Autor cria um fantástico exílio para sua criatividade
MÁRCIO SELIGMAN-SILVA
ESPECIAL PARA A FOLHA
A literatura tem inúmeras funções, mas quando o
autor é ele mesmo um professor
de literatura deve-se acrescentar
mais uma, um tanto paradoxal: a
de esquecer da sua profissão!
Hans-Ulrich Treichel encantou o
público alemão com o livro "O
Acorde de Tristão", que agora podemos ler em português.
Treichel nasceu em 1952 em
Versmold, na Vestefália, local que
ele denomina com um misto de
carinho e auto-ironia de uma
"terra geograficamente nula". É
este ponto zero, além de sua própria formação de germanista e de
sua atividade como libretista de
ninguém menos que Hans Werner Henze, seu amigo e um dos
maiores compositores alemães do
século 20, que permite que leiamos seu "acorde" como um texto
carregado de marcas autobiográficas. E haja auto-ironia!
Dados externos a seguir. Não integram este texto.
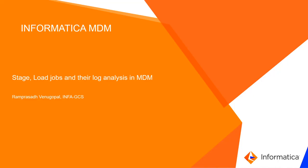Hello everyone, this is Ramprasad Vinukopal from Informatica. The video is about stage load jobs and their log analysis in MDM.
O protagonista, Georg Zimmer,
além de germanista é também escritor, como Treichel, e acaba se
transformando no autor de "hinos" do músico Bergmann, uma
paródia saborosa de Henze. Egocêntrico é um termo muito
aquém daquilo que a fixação exclusiva na sua carreira e fama significa.
Por um acaso feliz, o jovem
Zimmer passa de escritor sem
perspectivas e desempregado para o papel de protegido de Bergmann, acompanhando-o em seu
retiro de verão em uma idílica casa nas ilhas Hébridas (na Escócia),
em uma "première" em Nova
York e na casa do músico na Sicília. Ele tem por tarefa rever, como
não poderia deixar de ser, a autobiografia do músico.
A ironia se transforma em uma
metralhadora giratória neste delicioso romance: não apenas o alemão tímido e atrapalhado que o
autor desenha na figura de Zimmer é atingido por ela, mas também a cultura norte-americana
(infantil e incompreensível para
Zimmer e Bergmann), a própria
literatura (Zimmer, em crise de
inspiração, decide escrever sobre
sua incapacidade de escrever...), o
mundo competitivo dos músicos,
a universidade etc.. Nada fica em
pé. Isso em meio a uma narrativa
que flui fácil e mistura elementos
dos mais sofisticados da alta cultura, passando por belas mulheres e pelos universos psicológicos
do germanista e do músico.
Um dos aspectos mais impressionantes do livro é justamente a
sua capacidade de unir a sofisticação à leveza. Zimmer está também às voltas com o seu doutorado sobre o tema do esquecimento,
e o esquecimento é justamente
um personagem central no livro.
Já no início do romance ele é esquecido pelo motorista ao desembarcar na Escócia. Uma das passagens mais belas do livro é quando Zimmer se lembra de si em
Emsfelde, sua pequena cidade natal, deitado à beira do rio Ems,
vendo imaginariamente diante de
seus olhos toda sua vida se afogando no rio: menos o seu cachorrinho.
Este rio é de certo modo sobreposto ao rio Lete da mitologia grega, o rio do esquecimento que os
mortos cruzam ao entrar e ao sair
dos Campos Elísios. Este rio corta
poeticamente o livro em vários
momentos.
Existe nele tanto o esquecimento bem-aventurado (advindo, por
exemplo, do báquico vinho),
quanto o terrível esquecimento
das marcas da vida. Zimmer tem
pesadelos com uma enorme mão
apagando o seu nome da enciclopédia "Grove".
Já Bergmann quer apagar o nome de Nerlinger, o "segundo melhor músico alemão" (depois dele
mesmo, claro), do índice onomástico de sua autobiografia (memória, afinal, também é esquecimento!).
Treichel esquece os trejeitos de
autor acadêmico ao escrever seus
romances. Ele conseguiu criar um
fantástico exílio para sua criatividade.
O Acorde de Tristão
Autor: Hans-Ulrich Treichel
Editora: Companhia das Letras
Quanto: R$ 28,50 (160 págs.)
Márcio Seligman-Silva é professor de
teoria literária na Unicamp, autor de, entre outros, "Ler o Livro do Mundo: Walter
Benjamin, Romantismo e Crítica Poética"
(Iluminuras) e organizador de "História,
Memória, Literatura: O Testemunho na
Era das Catástrofes" (Editora da Unicamp).